You’re a club pro. He’s the five-star general of Arnie’s Army. And you’re walking 18 holes with him, trading stories and drinking in the aura that made Palmer, who died Sept. 24, such a charismatic, transcendent figure in golf.

That’s how Bob Green felt in August of 2000 when, after receiving a sponsor’s exemption to play in a senior tournament at Nashawtuc Country Club in Concord, he found himself paired with Palmer in the first round.

“It was kind of a regular stop for him,” said Green. “His financial adviser (Dick Connolly) is from up this way, and he’d come up to see him and golf in the tournament, which was one of the regular stops on the senior tour — which is now called the Champions Tour.”

Green, longtime club pro at Tedesco, said it was the highlight of his professional life.

If you were to ask me, from the time I was 12 years old right on up through yesterday, who’s the one guy I’d like to play a round of golf with, someone who wasn’t family, the answer would be Arnold Palmer, and I got that opportunity.”

And, said Green, he got to see Palmer at his best, not only on the course, but in his dealings with the people he was playing with and the fans.

What impressed Green, who had received a sponsor’s exemption to compete, the most is how Palmer related to his son, Brian, who caddied for him.

“My son grew up in a generation when Arnold was past his prime,” Green said. “But to be able to spend five hours with him in a competitive situation was really an incredible experience, both for Brian and for me.”

Green said the day he played with Palmer was during a stretch where “he was really struggling,” said Green. “But he shot a 68 that day.

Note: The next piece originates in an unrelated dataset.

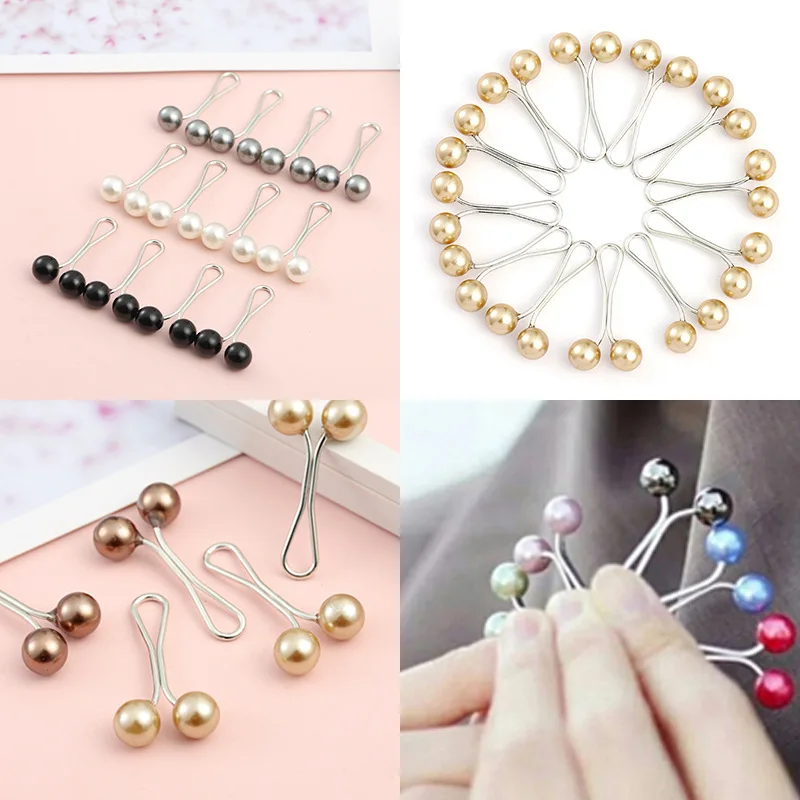 Hot-selling new jewelry elegant simple U-shaped colorful pearl alloy pin anti-exposure buckle spot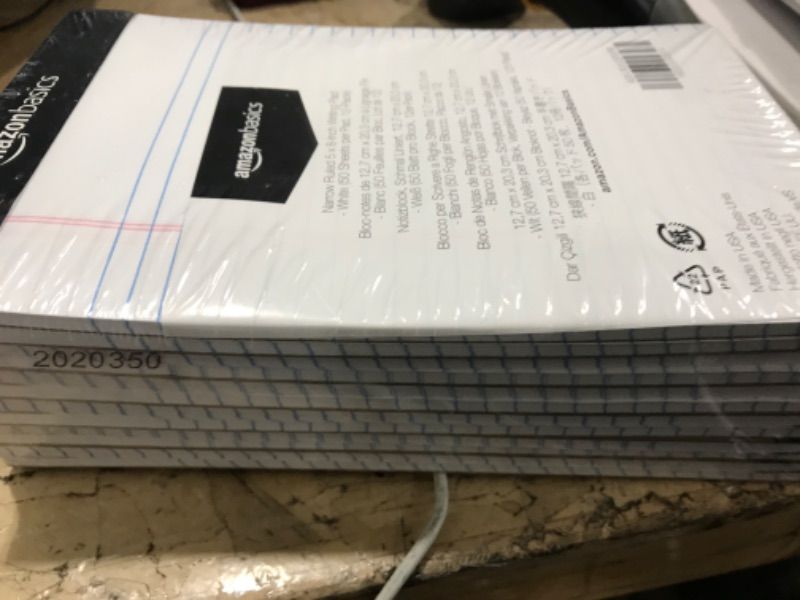 Photo 1 of Amazon Basics Narrow Ruled Lined Writing Note Pad, 5 inch x 8 inch, White, 12 Count (12 Pack of 50 pages) White 5-Inch by 8-Inch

It was one of the most incredible things I’ve ever seen.”

What made the round so memorable for Green is that on the 14th hole, he’d three-putted and said to his caddie, ‘we have to make that up.’”

Green said there had to be 10,000 people on the course by the time they hit the back nine, and the buzz was electric.

“On the 15th,” Green said, “he holed a 9-iron shot for an eagle, and the noise from the crowd was deafening.” The crowd grew from there, Green said.

“We were walking from the 16th green to the 17th hole, which was up a little hill, and on both sides there were fans cheering and screaming. We got up onto the tee and looked out, and there were bleachers all around us. The place just exploded. I turned to my son and said this must be what it’s like to play in the Rose Bowl.”

Green said Palmer’s skills as a golfer were only part of his appeal. The rest had to do with the flair with which he played, the risks he took and his uncanny way of connecting with his fans.

Palmer is credited with having golf being strictly a country club activity to being a full-fledged spectator sport suitable for television. Green agrees with that.

“He did so many things for golf,” Green said. “Just by his personality, and his charisma, and his incredible talent.

“And the way he played!” Green said. “He had that swashbuckling, risk-taking competitive fire. He’d flash that smile, and that personality.”

And it was all on display the day they played together, Green said.

“He had a way of making eye contact with the fans in the gallery,” Green said. “He interacted. It was unbelievable. That’s not an act. That was him. Nobody could act that way for 50 years if it was an act.”

Green said Palmer also had good timing in that he came along just when television was coming into its own.

Arnold Palmer, left, and Bob Green, the head professional at Tedesco Country Club, pose for a photo during the first round of a PGA Senior Tournament at Nashawtuc Country Club in 2000.

Photo: Courtesy of Bob Green

“Here was this personality that was bigger than life,” he said. “And he had an incredible game. He wasn’t the standard-issue golf pro of the era. He was Arnold Palmer, hitching up those pants, with the cigarette, slashing the ball and hitting it all over the place.”

Both on the course and off, Palmer “was as regular a guy as you could get,” Green said. “He was a very good conversationalist. You know, he tried to put me at ease too because I was as nervous as I’ve ever been on a golf course. He was great with Brian during the round, and he treated me as if I was a longtime veteran on the PGA tour. It was really a thrill.”

Green said it was very unusual to be paired with someone of Palmer’s caliber. A year later, he qualified for the U.S. Senior Open and played in a group with an amateur from Florida and a driving range pro from the Northwest.

“(Palmer) was a real gentleman,” said Green. “I tell everyone that he was even better than advertised.

“I think that day was one of the last really good rounds he had,” Green said. “He was just about to turn 71 at the time. He struggled a lot more going forward, but for me, it was such a thrill to golf with him, and to be there to see him have such a great round.”